Please set down each of the lines below once more, exactly, omitting all pictures.

[RAW DATA Boundary: Start]

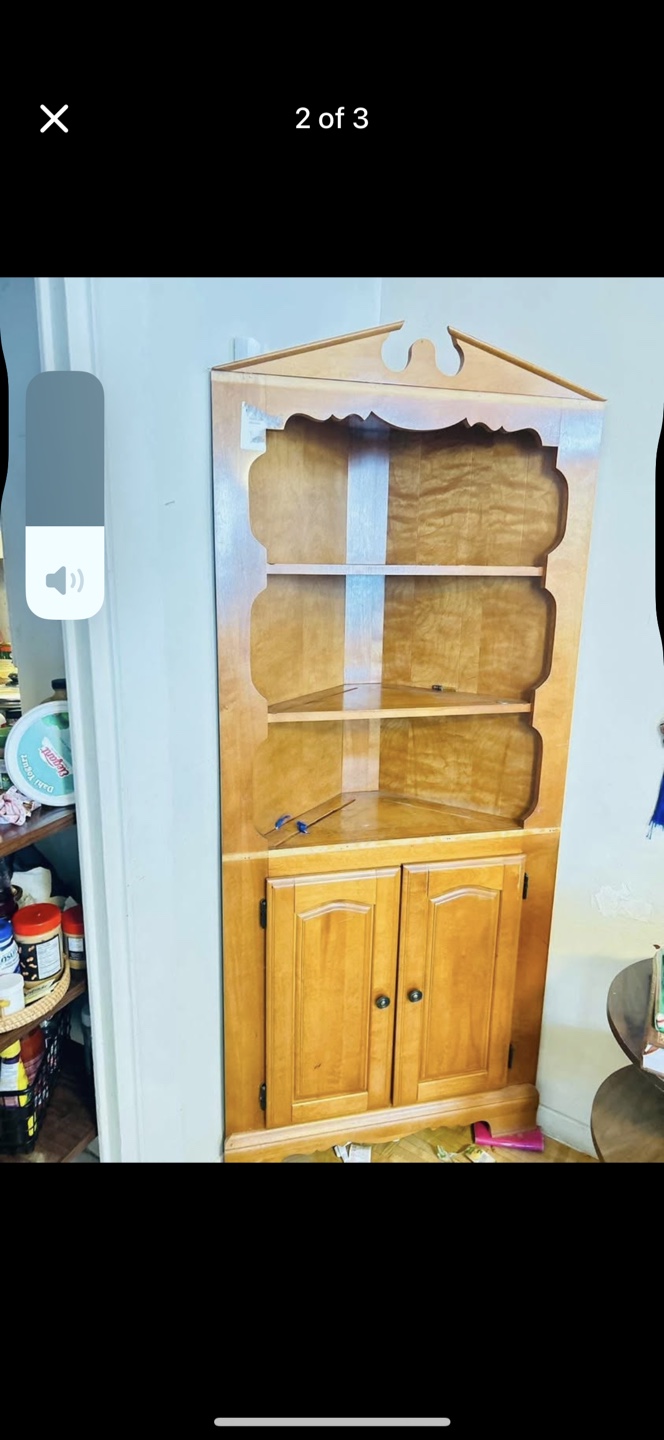 Wooden Corner Shelf - photo 2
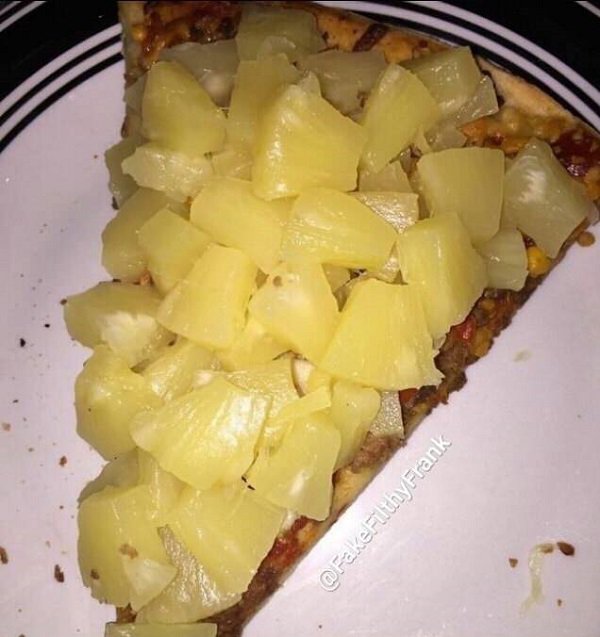 wtf people who don t like pineapple on pizza - Filthy Frank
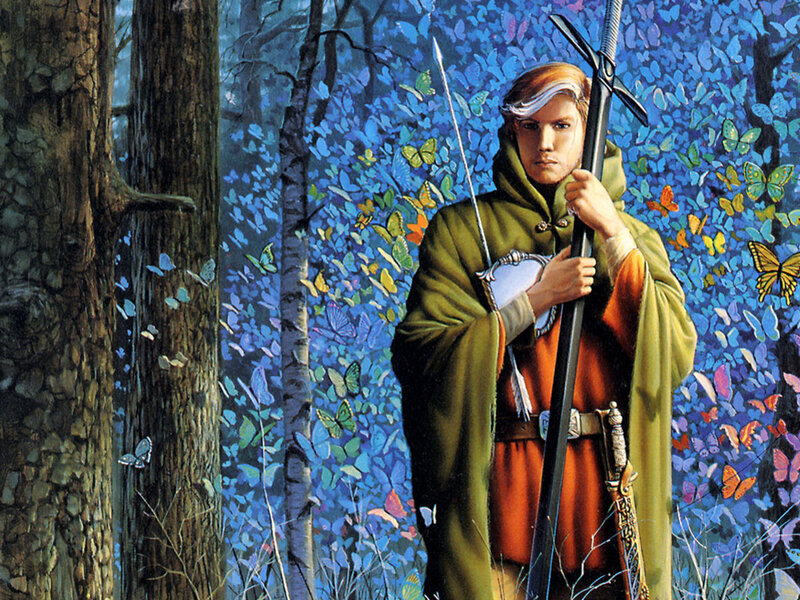 Young Man in Forest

[RAW DATA Boundary: End]

### WRITTEN SOLUTION
 Wooden Corner Shelf - photo 2
 wtf people who don t like pineapple on pizza - Filthy Frank
 Young Man in Forest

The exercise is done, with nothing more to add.